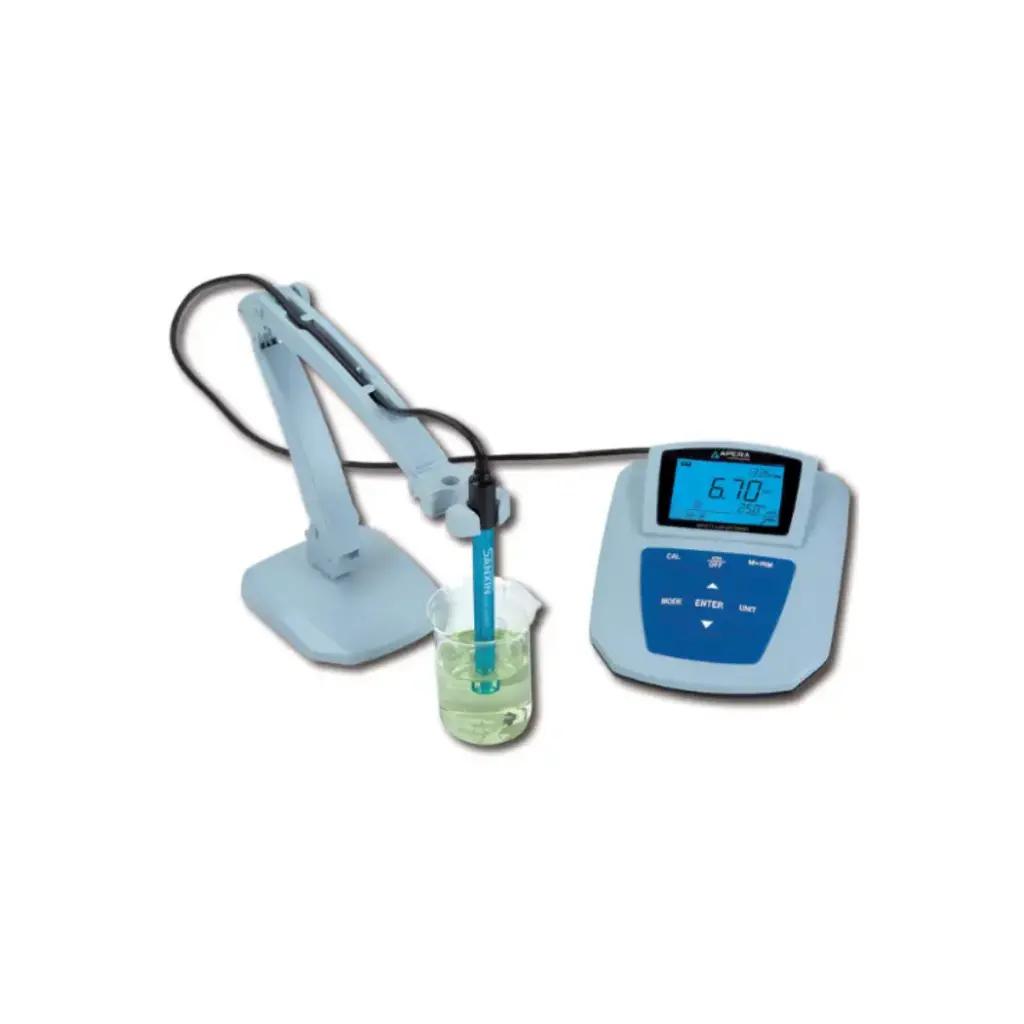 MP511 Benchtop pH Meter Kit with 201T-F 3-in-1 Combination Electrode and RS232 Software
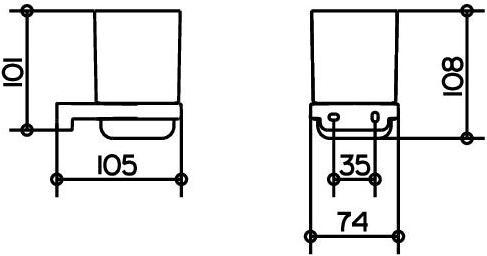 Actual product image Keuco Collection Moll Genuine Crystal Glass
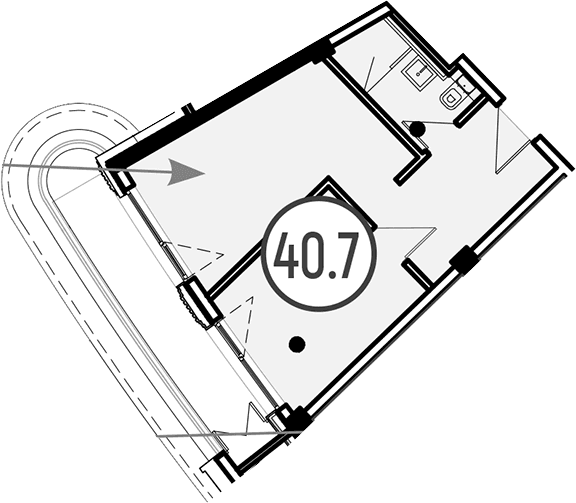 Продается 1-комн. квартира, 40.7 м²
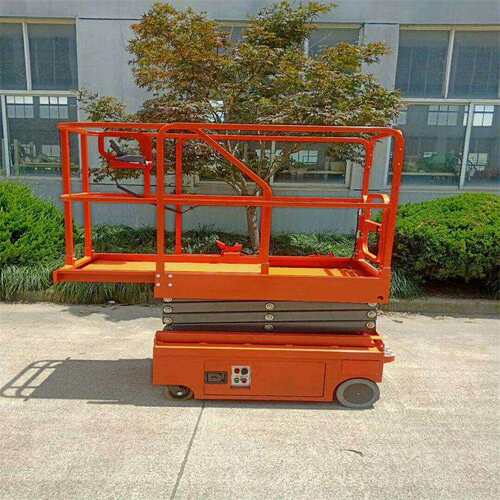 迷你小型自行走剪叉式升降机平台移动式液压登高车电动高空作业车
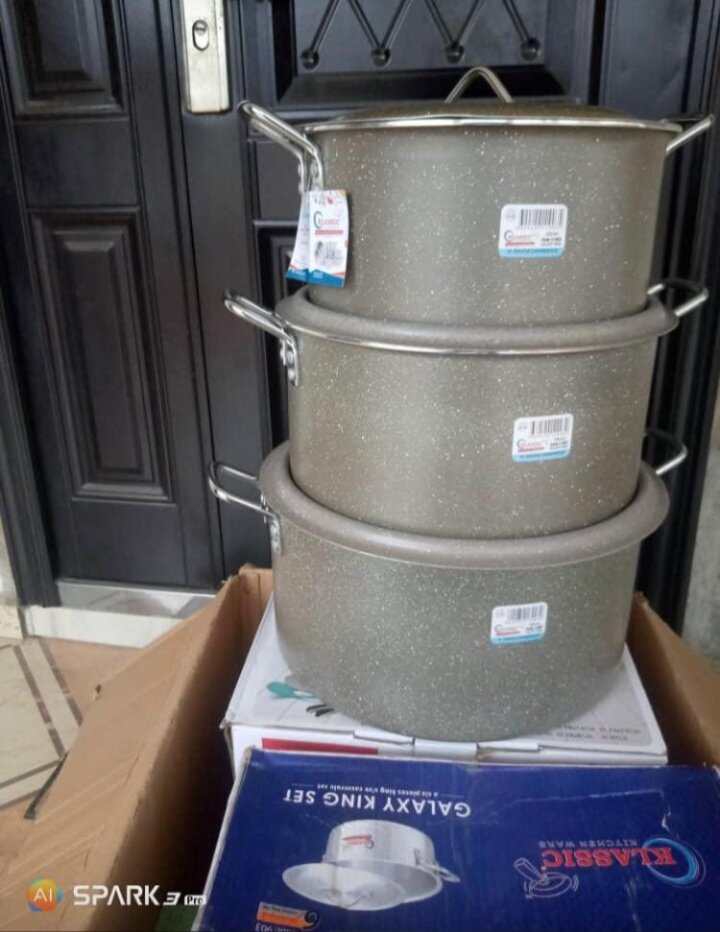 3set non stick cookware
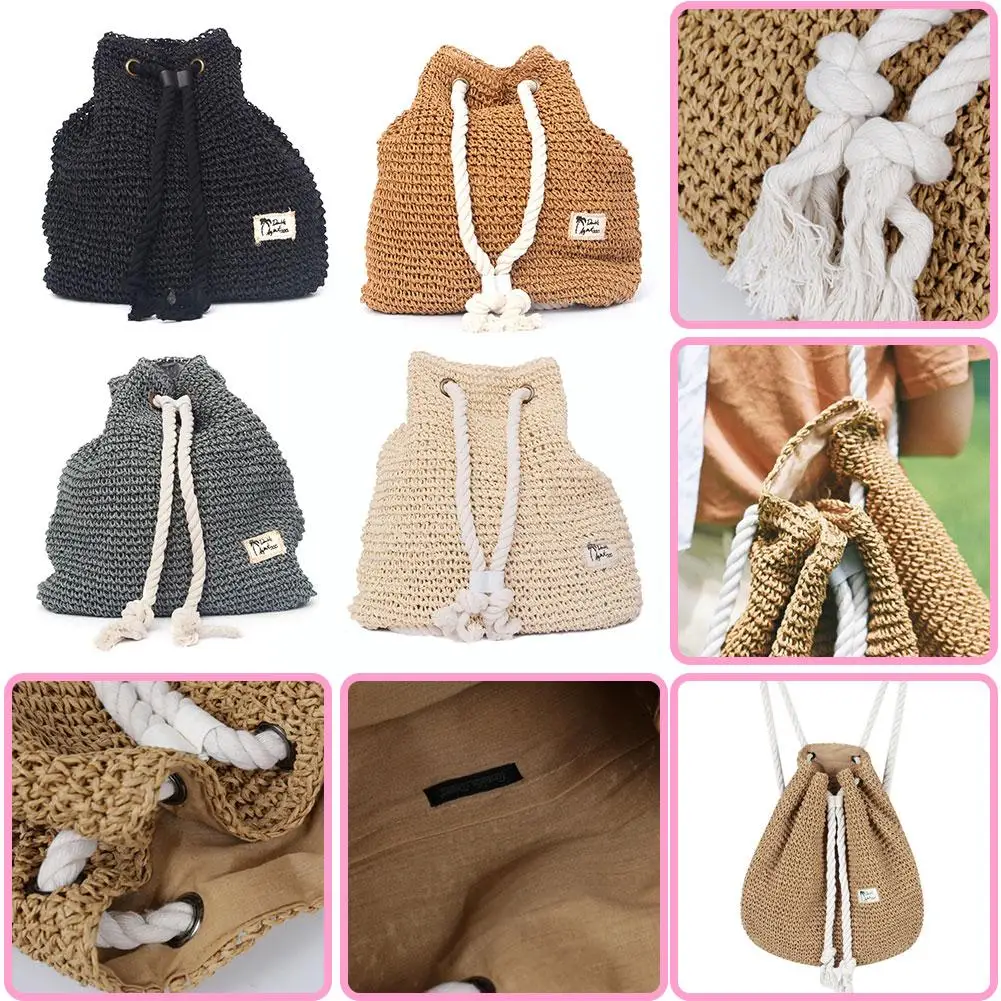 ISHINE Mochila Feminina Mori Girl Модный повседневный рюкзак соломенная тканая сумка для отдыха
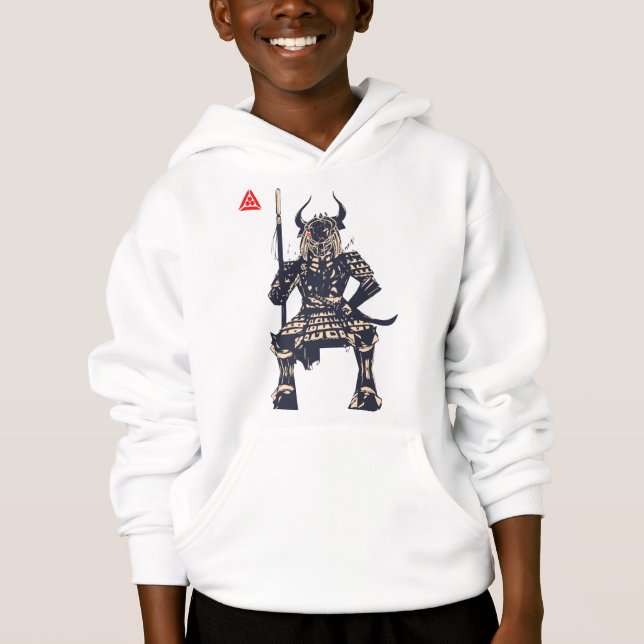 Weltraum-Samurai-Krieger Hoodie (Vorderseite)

YOUR GOAL:
Wherever an image appears, omit it; copy the rest of the records exactly.

WRITTEN SOLUTION:
 MP511 Benchtop pH Meter Kit with 201T-F 3-in-1 Combination Electrode and RS232 Software
 Actual product image Keuco Collection Moll Genuine Crystal Glass
 Продается 1-комн. квартира, 40.7 м²
 迷你小型自行走剪叉式升降机平台移动式液压登高车电动高空作业车
 3set non stick cookware
 ISHINE Mochila Feminina Mori Girl Модный повседневный рюкзак соломенная тканая сумка для отдыха
 Weltraum-Samurai-Krieger Hoodie (Vorderseite)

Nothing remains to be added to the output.